Die neuen Saaten sind nicht nur teurer als die traditionellen. Die Industrie zwingt die Bauern auch dazu, jedes Jahr neues Saatgut zu kaufen, da diese Arten steril sind und die Bauern nicht wie früher einen Teil ihrer Erträge für die neue Aussaat zurücklegen können. Um sich das leisten zu können, müssen sie oft Kredite aufnehmen, die sie dann häufig nicht mehr zurückzahlen können.

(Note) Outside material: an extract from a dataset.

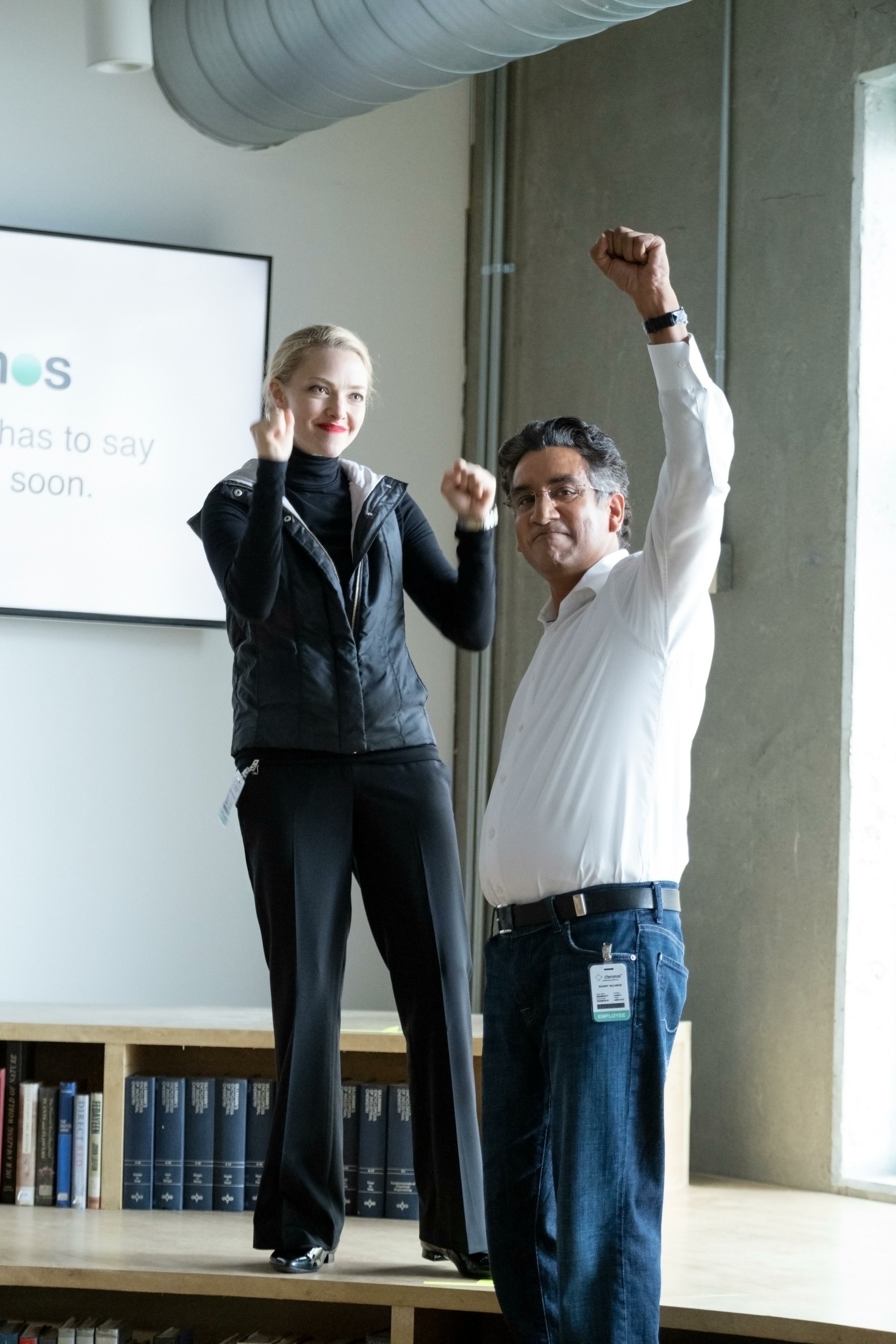 Naveen Andrews Amanda Seyfried TV Show The Dropout Image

"Die Saatgut- und Patentgesetze versuchen aus dem Zurücklegen und Teilen von Saaten ein Verbrechen zu konstruieren, indem sie Saaten als Besitz von Monsanto deklarieren. Damit werden wir gezwungen, Gebühren auf unser kulturelles Erbe zu bezahlen", so Navdanya. Die Organisation fordert deshalb ein Moratorium auf den Anbau von Baumwolle, bis eine unabhängige Studie über die sozioökonomischen Folgen des Anbaus von BT-Baumwolle und seine Auswirkungen auf Umwelt und Gesundheit erstellt ist.
Vandana Shiva und der Geschäftsführer der größten indischen Bauernorganisation Bharat Krishak Samaj, Krishan Bir Chowdhary, haben deshalb im Frühjahr 2006 eine so genannte Yatra, eine spirituelle Reise, durch den so genannten "Selbstmordgürtel" des Landes gestartet. Die Reise, die bis 2007 dauern und durch die Unionsstaaten Maharasthra, Andhra Pradesh und Karnataka führt, soll das Bewusstsein der Bauern wecken und ruft zum Boykott der BT-Baumwolle auf.
Der Text erschien im August 2006 in Ausgabe 32/33 der Zeitschrift "Das Parlament".